The standards metrics model measures the time from IRB submission to IRB approval by breaking it down into smaller parts for each activity.

“This is a metric that people care about,” Johnson notes. “What I basically did was take that one big space of time and broke it into two parts: the pre-review time, which a lot of IRBs do, and the review time,” she says.

The pre-review time is further broken down into these three parts:

  • time during pre-review spent with the IRB office;
  • time during pre-review spent with the investigator;
  • time during pre-review spent with others.

The review time includes these three parts:

  • time during review spent with the IRB office and members;
  • time during review spent with the investigator;
  • time during review spent with others.

“As an IRB, we like to point out to people that investigators can complain it took this long to get IRB approval, but the time spent wasn’t all by the IRB,” Johnson says. “I might have sent the study back for revisions, and [researchers] sat on it for three weeks.”

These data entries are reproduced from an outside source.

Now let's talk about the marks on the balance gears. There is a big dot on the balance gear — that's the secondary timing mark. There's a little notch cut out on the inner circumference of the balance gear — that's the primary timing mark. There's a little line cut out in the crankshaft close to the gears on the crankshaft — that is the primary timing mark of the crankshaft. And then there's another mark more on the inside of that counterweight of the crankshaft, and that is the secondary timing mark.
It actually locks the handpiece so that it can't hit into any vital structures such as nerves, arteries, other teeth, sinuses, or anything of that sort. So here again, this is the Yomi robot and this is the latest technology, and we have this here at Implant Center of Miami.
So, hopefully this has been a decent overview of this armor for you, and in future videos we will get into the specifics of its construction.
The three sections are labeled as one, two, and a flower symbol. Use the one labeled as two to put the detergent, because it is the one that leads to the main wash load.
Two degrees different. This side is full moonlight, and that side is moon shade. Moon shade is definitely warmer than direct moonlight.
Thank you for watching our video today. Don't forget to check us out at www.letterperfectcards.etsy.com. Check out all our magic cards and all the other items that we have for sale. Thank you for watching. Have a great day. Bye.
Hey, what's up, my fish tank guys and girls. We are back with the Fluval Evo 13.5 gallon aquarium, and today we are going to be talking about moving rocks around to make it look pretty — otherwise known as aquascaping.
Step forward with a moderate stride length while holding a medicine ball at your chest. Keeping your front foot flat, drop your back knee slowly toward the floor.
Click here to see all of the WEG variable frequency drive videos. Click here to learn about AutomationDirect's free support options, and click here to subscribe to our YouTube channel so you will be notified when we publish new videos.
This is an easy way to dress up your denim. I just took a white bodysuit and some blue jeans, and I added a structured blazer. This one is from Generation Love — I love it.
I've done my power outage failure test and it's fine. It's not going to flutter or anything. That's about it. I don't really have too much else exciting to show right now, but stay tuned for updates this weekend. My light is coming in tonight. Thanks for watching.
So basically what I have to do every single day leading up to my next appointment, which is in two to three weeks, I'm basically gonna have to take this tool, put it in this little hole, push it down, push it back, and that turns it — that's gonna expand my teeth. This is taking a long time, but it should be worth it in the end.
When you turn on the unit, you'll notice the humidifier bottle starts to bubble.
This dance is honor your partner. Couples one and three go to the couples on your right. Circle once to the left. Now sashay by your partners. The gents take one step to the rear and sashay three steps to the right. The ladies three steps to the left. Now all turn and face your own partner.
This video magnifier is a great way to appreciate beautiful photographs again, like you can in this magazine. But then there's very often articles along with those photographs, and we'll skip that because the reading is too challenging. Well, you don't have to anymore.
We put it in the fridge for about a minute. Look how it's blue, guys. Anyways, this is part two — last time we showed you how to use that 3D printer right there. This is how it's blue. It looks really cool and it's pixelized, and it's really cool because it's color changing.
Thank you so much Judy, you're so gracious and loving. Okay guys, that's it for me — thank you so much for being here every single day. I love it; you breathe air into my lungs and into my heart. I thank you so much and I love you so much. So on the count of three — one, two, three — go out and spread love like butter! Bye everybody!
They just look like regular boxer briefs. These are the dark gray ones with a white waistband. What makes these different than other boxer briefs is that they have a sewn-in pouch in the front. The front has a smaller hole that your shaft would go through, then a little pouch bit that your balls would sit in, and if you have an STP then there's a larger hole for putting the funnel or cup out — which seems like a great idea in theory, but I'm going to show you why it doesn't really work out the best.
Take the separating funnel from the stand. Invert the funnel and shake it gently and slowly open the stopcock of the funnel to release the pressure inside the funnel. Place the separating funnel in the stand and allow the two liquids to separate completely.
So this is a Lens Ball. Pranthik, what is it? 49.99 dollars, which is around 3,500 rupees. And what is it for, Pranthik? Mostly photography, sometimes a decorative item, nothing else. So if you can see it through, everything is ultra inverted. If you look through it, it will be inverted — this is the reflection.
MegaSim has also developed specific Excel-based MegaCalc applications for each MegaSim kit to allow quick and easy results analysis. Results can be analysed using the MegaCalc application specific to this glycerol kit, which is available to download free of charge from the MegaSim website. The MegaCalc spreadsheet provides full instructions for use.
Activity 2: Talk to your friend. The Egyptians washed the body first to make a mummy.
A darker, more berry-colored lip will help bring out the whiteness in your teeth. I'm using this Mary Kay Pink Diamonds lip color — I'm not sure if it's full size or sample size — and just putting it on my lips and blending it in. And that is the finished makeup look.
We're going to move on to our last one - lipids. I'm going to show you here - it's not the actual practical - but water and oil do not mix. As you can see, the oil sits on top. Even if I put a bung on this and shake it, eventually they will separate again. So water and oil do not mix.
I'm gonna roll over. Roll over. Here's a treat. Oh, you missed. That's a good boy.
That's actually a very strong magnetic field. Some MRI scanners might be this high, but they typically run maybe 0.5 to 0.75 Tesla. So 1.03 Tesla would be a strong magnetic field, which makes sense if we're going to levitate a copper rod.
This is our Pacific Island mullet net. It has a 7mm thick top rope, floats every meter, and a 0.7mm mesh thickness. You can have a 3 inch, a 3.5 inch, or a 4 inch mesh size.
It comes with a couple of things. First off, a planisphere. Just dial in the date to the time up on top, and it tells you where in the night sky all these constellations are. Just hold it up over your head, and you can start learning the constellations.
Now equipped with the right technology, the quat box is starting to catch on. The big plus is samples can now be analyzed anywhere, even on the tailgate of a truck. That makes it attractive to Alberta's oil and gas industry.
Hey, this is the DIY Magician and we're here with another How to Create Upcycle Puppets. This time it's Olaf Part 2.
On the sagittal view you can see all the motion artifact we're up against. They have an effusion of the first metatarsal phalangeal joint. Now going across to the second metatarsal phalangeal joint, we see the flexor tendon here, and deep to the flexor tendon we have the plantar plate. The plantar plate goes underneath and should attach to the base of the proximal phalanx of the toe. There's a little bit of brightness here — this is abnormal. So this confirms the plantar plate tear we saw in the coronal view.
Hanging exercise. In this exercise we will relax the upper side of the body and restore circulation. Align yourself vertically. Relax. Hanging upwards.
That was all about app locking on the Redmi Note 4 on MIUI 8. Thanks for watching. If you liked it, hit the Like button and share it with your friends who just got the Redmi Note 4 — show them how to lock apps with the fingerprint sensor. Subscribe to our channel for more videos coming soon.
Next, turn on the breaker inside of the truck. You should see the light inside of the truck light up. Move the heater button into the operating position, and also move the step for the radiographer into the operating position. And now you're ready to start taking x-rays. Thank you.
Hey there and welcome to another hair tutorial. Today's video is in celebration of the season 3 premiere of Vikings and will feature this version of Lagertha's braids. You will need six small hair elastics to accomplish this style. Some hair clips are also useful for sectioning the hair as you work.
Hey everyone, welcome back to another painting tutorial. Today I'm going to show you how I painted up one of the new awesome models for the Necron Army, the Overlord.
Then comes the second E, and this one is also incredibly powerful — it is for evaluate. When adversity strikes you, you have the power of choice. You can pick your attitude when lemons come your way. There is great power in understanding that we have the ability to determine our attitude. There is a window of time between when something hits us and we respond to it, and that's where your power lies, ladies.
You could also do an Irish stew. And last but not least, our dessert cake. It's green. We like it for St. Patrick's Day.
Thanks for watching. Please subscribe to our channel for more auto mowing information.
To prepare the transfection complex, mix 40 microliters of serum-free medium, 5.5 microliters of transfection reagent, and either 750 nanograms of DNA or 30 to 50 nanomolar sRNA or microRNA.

This metrics tool helps IRBs gain a more accurate picture of how their own time is spent vs. time investigators spend on answering the IRB’s questions and concerns.

“There’s a certain amount of defensiveness that IRBs have because we get blamed for how long we took. That make us upset — especially if we do a good job,” Johnson says. “We want to show where the time was spent. That’s how my model works.”

For example, IRB staff may go back and forth with the study team two to four times on revisions. To accurately reflect the amount of time the study was in the IRB staff’s hands, the metrics should show how much time it was in the IRB office vs. in the researcher’s office, she explains.

“We’re counting how much time it’s in each of our hands. We add that all up, and it becomes one big time bucket,” Johnson says.

For years, Johnson struggled with this part of metrics and how to compare what the University of Utah IRB did compared with other IRBs.

“When comparing my IRB process with other IRBs, the others might say, ‘We wouldn’t send it back to the principal investigator then,’” Johnson says. “But if you put the time in the buckets, it doesn’t matter how many back-and-forths there are; it keeps a tally over time. We’re all comparing apples to apples.”

IRBs can assess how their time buckets average out to pinpoint where they are spending the most time. If the time spent on a particular process seems excessive, they can use the data to develop a quality improvement plan.

“This can have a lot of impact on how we make decisions about improving processes,” she says.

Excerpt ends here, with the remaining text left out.